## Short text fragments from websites
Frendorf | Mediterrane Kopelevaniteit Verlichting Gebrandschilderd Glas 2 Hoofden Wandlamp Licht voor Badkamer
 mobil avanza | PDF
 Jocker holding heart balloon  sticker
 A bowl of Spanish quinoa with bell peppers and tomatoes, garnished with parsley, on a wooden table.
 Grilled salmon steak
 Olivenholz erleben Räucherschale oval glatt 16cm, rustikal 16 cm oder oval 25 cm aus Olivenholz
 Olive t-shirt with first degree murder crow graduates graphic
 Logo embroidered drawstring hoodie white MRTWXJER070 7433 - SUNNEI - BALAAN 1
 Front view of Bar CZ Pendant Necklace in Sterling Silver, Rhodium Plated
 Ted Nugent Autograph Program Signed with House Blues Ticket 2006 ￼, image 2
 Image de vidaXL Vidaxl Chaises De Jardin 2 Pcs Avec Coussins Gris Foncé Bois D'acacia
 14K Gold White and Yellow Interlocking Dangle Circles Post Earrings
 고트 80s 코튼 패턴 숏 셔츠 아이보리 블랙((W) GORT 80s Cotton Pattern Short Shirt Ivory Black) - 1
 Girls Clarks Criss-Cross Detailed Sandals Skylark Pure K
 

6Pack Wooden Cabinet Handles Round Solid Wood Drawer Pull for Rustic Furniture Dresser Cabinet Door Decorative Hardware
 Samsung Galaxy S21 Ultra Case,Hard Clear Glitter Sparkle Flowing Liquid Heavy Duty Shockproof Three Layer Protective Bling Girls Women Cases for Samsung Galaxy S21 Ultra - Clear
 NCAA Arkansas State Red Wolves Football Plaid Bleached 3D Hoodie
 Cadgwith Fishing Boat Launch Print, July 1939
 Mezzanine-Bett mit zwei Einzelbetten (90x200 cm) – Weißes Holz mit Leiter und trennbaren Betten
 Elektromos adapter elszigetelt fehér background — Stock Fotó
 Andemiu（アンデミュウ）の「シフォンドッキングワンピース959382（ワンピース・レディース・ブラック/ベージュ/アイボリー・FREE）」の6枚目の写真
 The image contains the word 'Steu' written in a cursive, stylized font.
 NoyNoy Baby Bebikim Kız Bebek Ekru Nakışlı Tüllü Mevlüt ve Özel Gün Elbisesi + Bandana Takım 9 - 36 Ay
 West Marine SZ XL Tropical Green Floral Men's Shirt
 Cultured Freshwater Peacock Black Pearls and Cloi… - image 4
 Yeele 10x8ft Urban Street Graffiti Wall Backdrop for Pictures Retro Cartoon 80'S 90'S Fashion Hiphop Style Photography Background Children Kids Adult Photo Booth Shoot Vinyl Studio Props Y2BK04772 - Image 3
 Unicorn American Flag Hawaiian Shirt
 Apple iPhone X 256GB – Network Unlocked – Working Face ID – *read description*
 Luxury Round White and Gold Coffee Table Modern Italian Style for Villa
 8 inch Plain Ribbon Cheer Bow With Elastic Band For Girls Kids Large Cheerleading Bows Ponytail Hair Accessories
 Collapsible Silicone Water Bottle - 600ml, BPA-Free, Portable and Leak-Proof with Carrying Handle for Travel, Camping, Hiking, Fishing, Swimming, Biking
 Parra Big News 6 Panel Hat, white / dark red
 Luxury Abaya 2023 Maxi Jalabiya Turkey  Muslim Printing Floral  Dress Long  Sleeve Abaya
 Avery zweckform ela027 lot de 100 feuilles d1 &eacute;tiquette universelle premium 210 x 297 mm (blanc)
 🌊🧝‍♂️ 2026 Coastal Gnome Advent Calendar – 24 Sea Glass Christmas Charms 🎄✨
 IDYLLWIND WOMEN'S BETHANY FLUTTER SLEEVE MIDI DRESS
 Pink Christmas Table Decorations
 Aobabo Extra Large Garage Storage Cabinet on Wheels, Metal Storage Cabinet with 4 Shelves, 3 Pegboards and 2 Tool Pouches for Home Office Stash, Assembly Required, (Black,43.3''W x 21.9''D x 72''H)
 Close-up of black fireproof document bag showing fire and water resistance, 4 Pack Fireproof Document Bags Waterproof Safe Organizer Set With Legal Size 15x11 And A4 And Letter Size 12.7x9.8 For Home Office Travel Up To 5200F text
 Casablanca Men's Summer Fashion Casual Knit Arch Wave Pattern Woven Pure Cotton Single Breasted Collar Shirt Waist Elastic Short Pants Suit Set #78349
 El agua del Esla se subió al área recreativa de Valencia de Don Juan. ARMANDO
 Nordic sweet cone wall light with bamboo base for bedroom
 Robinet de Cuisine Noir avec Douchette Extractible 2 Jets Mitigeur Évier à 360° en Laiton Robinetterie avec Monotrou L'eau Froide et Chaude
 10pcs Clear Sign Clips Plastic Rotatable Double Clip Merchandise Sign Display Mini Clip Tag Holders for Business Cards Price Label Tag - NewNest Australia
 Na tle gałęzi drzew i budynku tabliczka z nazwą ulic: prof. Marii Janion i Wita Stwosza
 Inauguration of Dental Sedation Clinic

## Task objective
Please show the lines in the entries above that hold the string "Kids".

## Solved exercise
 Yeele 10x8ft Urban Street Graffiti Wall Backdrop for Pictures Retro Cartoon 80'S 90'S Fashion Hiphop Style Photography Background Children Kids Adult Photo Booth Shoot Vinyl Studio Props Y2BK04772 - Image 3
 8 inch Plain Ribbon Cheer Bow With Elastic Band For Girls Kids Large Cheerleading Bows Ponytail Hair Accessories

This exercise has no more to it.